Ryan Seys

engineer at verily / google life sciences

Fooling with Open Data

February 09, 2014

This evening after a long day of working on school assignments (BORING), I got a really big urge to start fooling with open data. So I did.

I live in Ottawa Canada, and Ottawa has an Open Data Catalog that gives you access to various types of data. In my struggle to find something interesting to do with the data in the little time and imagination that I have, I found myself scowring other sources for other types of data to peek my interests.

I made my way to Open Data Toronto, Open Data Waterloo and finally found myself at Health Canada, more specifically their food and nutrition site containing the Canadian Nutrient File. I was just hungry… for data!

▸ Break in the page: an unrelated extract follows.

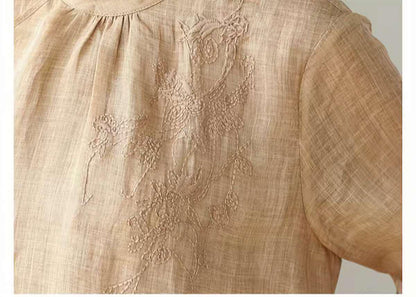 Women's Vintage Qipao Cheongsam Dress – Linen – additional product view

The Canadian Nutrient File contains a plethora of information regarding all ranges of food types. I was specifically drawn to the Refuse Amount File containing information regarding the amount of refuse, i.e. the inedible portion for each food.

I immediately downloaded their data set (11MB!) which turned out to contain a boatload of files I had no idea how to open.

Refuse DBF

A quick Google search for DBF directed me to a dbf library to open said files with Ruby. Time to whip out the Terminal!

First I installed the library like a boss.

$ gem install dbf
Successfully installed dbf-2.0.7
1 gem installed

Rather anti-climatic, but so far so good. Next lets just jump into irb to fool around.

$ irb

And now lets require 'dbf' and read in the dbf file.

irb(main):001:0> require 'dbf'
=> true
irb(main):002:0> data = DBF::Table.new("REFUSE.DBF")
=> #<DBF::Table:0x007f8b1b02b4a0 ...etc... @memo=nil>

Cool! We read in this weird file! So data is now a table with records. Let’s get the first one and take a look at its attributes.

irb(main):003:0> data.first.attributes
=> {"FD_ID"=>2.0, "REFUSE_ID"=>750.0, "REFUSE_AMT"=>0.0, "CF_DT_ENT"=>"01/05/1997"}

So each record has some refuse amount. Let’s do something neat with it, say, calculate the average across all food records.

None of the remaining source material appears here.